_Work order_:
Reproduce the listing in full. Omit the pictures.

_Dataset section_:
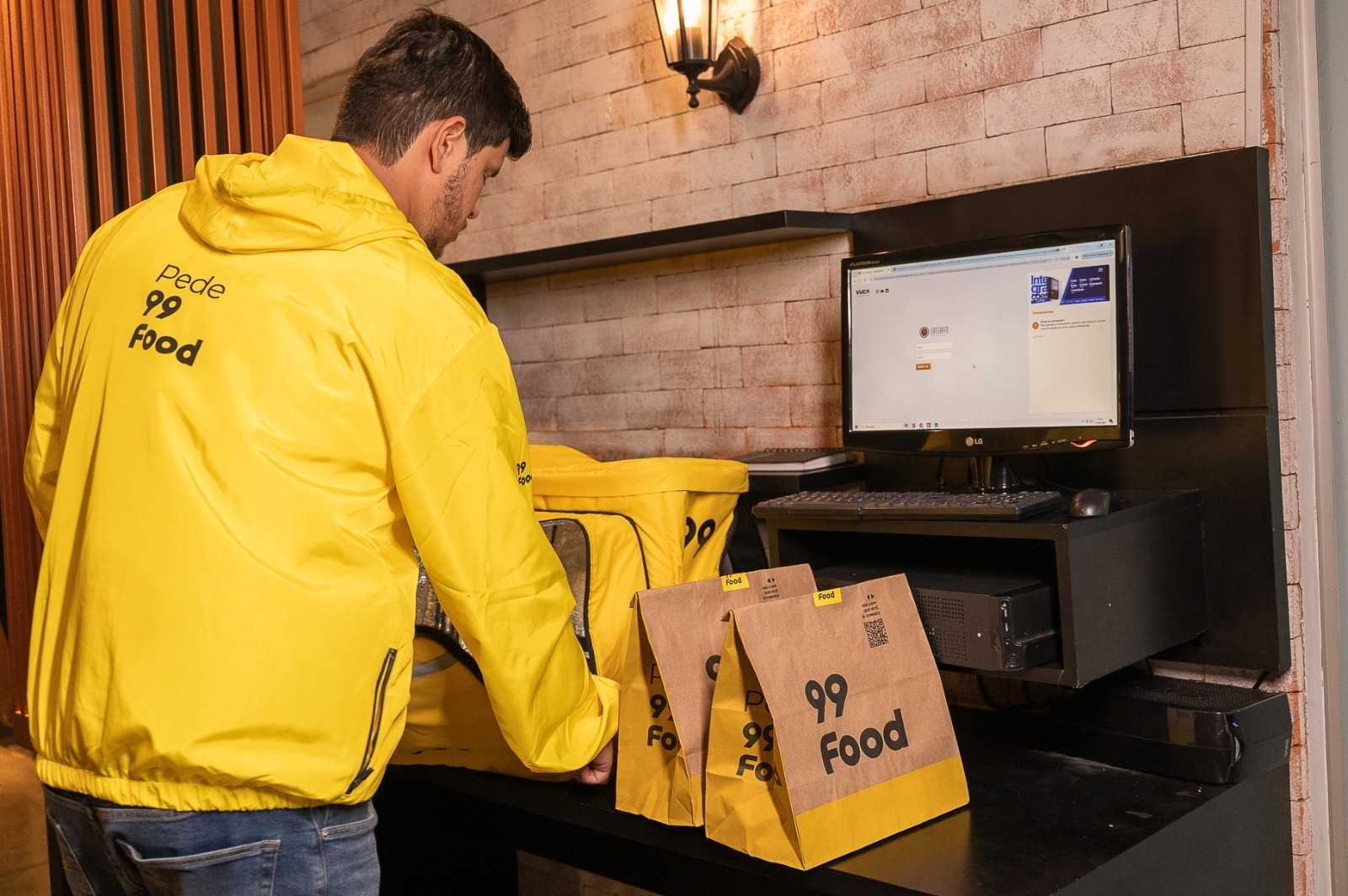 Festas juninas e Copa do Mundo turbinam delivery de comidas típicas no Norte e Nordeste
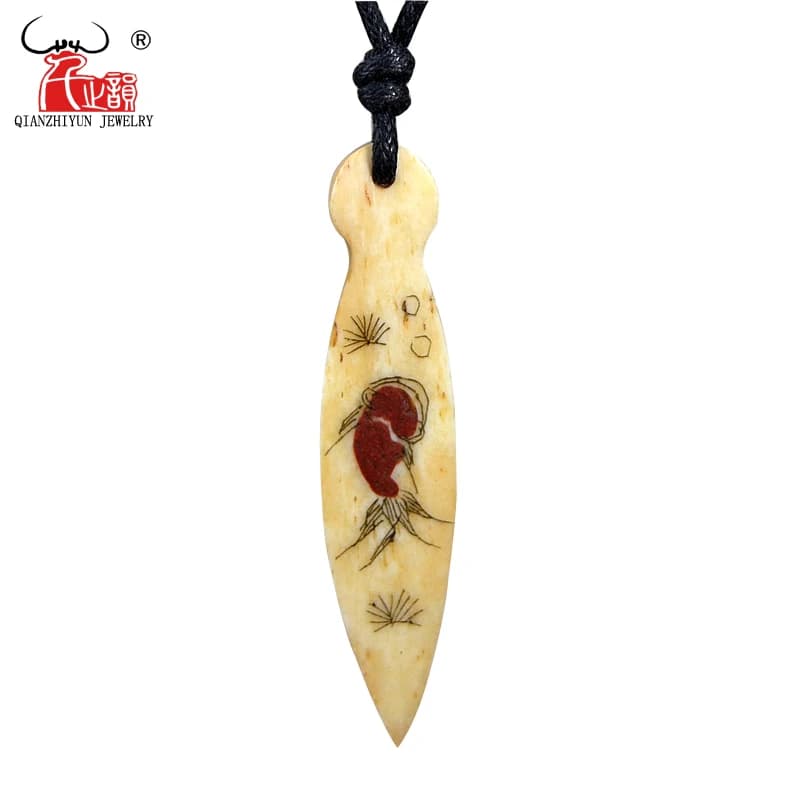 GX092 Vendita calda Zanne in osso di yak collane con ciondolo collana da donna Collana gialla vintage gioielli con pesci rossi intagliati a mano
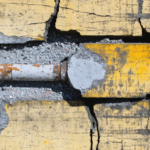 découvrez les causes principales de l'échec du scellement chimique, apprenez les solutions efficaces et évitez les erreurs fréquentes pour garantir un scellement durable et sûr.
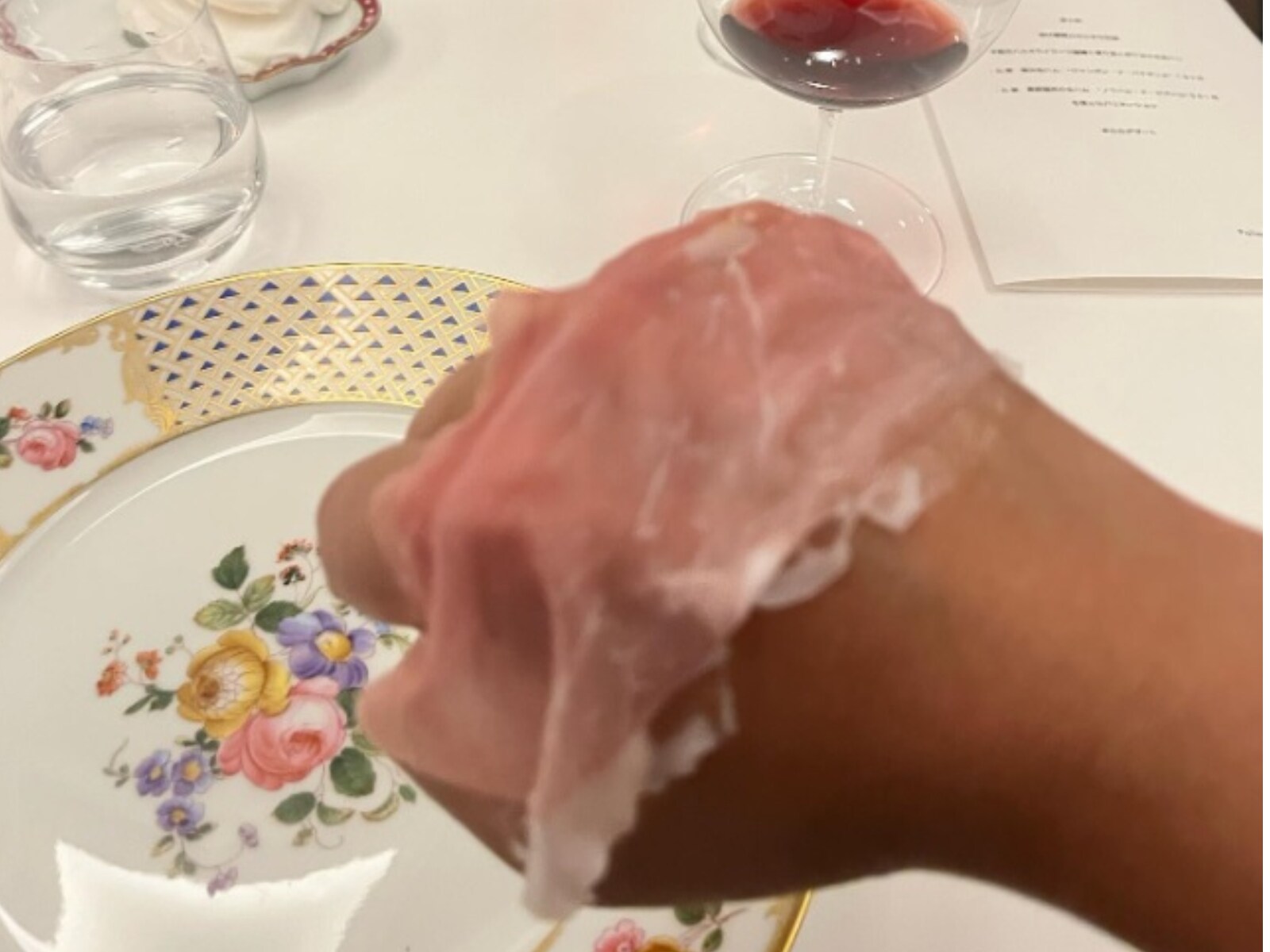 千鳥ノブ、「生ハムを皿におかず手の甲に置いてくる店」に驚愕！ 「塩気増しますな」とツッコミ殺到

_Output of the exercise_:
 Festas juninas e Copa do Mundo turbinam delivery de comidas típicas no Norte e Nordeste
 GX092 Vendita calda Zanne in osso di yak collane con ciondolo collana da donna Collana gialla vintage gioielli con pesci rossi intagliati a mano
 découvrez les causes principales de l'échec du scellement chimique, apprenez les solutions efficaces et évitez les erreurs fréquentes pour garantir un scellement durable et sûr.
 千鳥ノブ、「生ハムを皿におかず手の甲に置いてくる店」に驚愕！ 「塩気増しますな」とツッコミ殺到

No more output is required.